22.50.1.2.1. validation-post-discover¶
This is a RackN defined validation Stage designed to run relatively soon after the Discover process has started. Typically this should run after the gohai-inventory, inventory, raid-inventory, network-lldp, or other similar “inventory” like stages, but prior to any hardware configuration or changes (BIOS, Flash, etc.).
22.50.1.2.2. validation-post-hardware¶
This stage is a RackN predefined stage designed to run immediately after the Machine hardware has been configured (typically things like BIOS configuration, Flash Firmware updates, RAID configuration, etc).
22.50.1.2.3. validation-post-install¶
This is a RackN predefined stage designed to be executed in the final installed operating system. This stage requires that the installed OS is utilizing the drp-agent, runner-service or ESXi agent-install stages to execute Worfklow in the installed OS.
22.50.1.2.4. validation-record-parameters¶
This stage allows for a system to record the values of an inventoried system for use in validation later. The stage will build a validate/parameters that validates the parameters defined in validate/record-parameters.
This assumes that the inventory stage has already be run.
22.50.1.3. tasks¶
The content package provides the following tasks.
22.50.1.3.1. validate-nic-counts¶
This task implements the Validation library function to verify that a given system has a minimum number of NICs in the system, and that a minimum number of those NICs can be brought to a “link UP” state.
The link up state refers only to the systems ability to bring the link UP, but does not attempt to configure any IP or network stack details on the link. This verifies cable connectivity and remote switch end is able to establish “UP” state.
22.50.1.3.2. validate-parameters¶
This task implements the Validation library function to verify that the parameters specified in validate/parameters match their schema and value.

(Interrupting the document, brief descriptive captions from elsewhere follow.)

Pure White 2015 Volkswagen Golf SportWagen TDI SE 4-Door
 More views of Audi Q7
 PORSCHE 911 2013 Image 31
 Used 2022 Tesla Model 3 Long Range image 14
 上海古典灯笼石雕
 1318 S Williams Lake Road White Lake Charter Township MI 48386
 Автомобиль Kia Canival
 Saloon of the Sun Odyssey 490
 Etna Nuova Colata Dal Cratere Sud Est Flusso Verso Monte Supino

This assumes that all the parameters have already been set.
22.50.1.3.3. validate-record-parameters¶
This task records the values from the inventory/collect parameter and stores them in the validate/parameters object format for validation. The default operation is equals.
This assumes that inventory as already been run.
22.50.1.3.4. validation-clear-errors-ignore¶
This task resets the validation/errors-ignore contents to an empty value.
The validation/errors-ignore Param is not reset at the beginning of each Stage run with the validation-start task. It is assumed that the operator would like to harvest the validation failure log messages, but not have them as regularly reset.
The ignored error messages will be prefixed with the Stage, Task, and Current Job UUID so they may be correctly correlated at a later time.
To use this Task, simply add it to the control Param task list whereever the operator would like the Machines Param cleared. It might make sense to add it as the very first Task in the first Validation Stage in a given Workflow.
22.50.1.3.5. validation-start¶
This task begins a given Validtion stage. No other tasks should preceed it on the stage, and the only other task that should follow is the validation-stop task.
Tasks will be dynamically injected in to the workflow after this task, if they have been specified by the appropriate control Params.
22.50.1.3.6. validation-stop¶
This task ends a given Validtion stage. No other tasks should follow it on the stage, and the only other task that should preceed is the validation-start task.
Tasks will be dynamically injected in to the workflow if they have been specified by the appropriate control Params prior to this task.